Dale Tomma parle d’une voix qui trahit l’angoisse d’avoir vu sa terre d’origine décimée par les flammes. Il est notre guide pour la journée, et membre de la nation Skwlāx, présente dans la région depuis des millénaires. Derrière son regard se dessine tout le désespoir d’un peuple qui doit composer depuis des années avec des feux de plus en plus destructeurs. 

Je suis en Colombie-Britannique, à Revelstoke, destination populaire pour les amateurs de plein air. Cette année, pourtant, Revelstoke n’a rien d’un paradis naturel, alors qu’elle connaît depuis quelques mois sa pire saison de feux de forêts jamais enregistrée. Ce n’est pas une anomalie; c’est au contraire une nouvelle réalité à laquelle doivent faire face les habitants du coin. La question de savoir si ça arrivera de nouveau ne se pose même plus. 

La question, pour moi, est aussi de savoir ce que ça implique pour la communauté du plein air, pour ceux et celles qui aident à combattre les feux, pour les Premières Nations, et pour les touristes qui viennent chaque année pour randonner, grimper, skier, se ressourcer. Faut-il, au nom de la protection de la nature, y renoncer? Faut-il absolument laisser la forêt se régénérer toute seule, loin de toute activité humaine?
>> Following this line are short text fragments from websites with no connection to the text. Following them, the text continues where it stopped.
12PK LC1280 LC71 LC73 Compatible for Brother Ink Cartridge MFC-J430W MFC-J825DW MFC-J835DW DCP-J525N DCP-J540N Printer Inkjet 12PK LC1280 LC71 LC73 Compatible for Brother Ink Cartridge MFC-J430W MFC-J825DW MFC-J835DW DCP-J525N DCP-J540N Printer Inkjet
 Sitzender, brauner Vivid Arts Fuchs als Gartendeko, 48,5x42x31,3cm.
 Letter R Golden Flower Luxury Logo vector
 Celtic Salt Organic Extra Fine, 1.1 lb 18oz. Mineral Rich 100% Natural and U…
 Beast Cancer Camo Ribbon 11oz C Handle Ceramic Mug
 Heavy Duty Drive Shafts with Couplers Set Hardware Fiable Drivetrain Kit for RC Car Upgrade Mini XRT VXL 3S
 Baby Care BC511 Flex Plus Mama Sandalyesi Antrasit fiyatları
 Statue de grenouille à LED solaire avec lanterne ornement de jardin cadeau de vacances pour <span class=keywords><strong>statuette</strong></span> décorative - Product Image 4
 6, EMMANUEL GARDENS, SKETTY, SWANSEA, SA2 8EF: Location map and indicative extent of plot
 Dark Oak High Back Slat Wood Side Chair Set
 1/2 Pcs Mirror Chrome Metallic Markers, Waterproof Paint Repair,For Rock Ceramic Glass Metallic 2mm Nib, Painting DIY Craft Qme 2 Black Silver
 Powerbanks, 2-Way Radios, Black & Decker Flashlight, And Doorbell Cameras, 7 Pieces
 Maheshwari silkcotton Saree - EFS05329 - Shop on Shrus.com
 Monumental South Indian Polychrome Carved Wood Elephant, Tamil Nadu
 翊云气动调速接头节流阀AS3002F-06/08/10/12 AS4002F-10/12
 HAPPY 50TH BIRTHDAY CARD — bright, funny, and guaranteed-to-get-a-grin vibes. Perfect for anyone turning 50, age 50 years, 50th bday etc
« Un décor apocalyptique » 

Nous sommes en octobre 2023. Les feux de forêts qui brûlent depuis juin ont dévasté l’Ouest canadien, faisant de la saison la pire en matière d’hectares détruits en Colombie-Britannique. Il m’est difficile, de prime abord, de comprendre l’étendue des dommages. Pour Nat Segal, athlète avec Helly Hansen, guide de montagne et réalisatrice, ça fait pourtant partie de son quotidien. Elle m’explique: « Les feux ont des conséquences directes sur les villes comme Revelstoke. Cette année, la fumée était tellement dense qu’il y avait des moments où je ne voyais même pas de l’autre côté de la rue. C’était digne de l’apocalypse. »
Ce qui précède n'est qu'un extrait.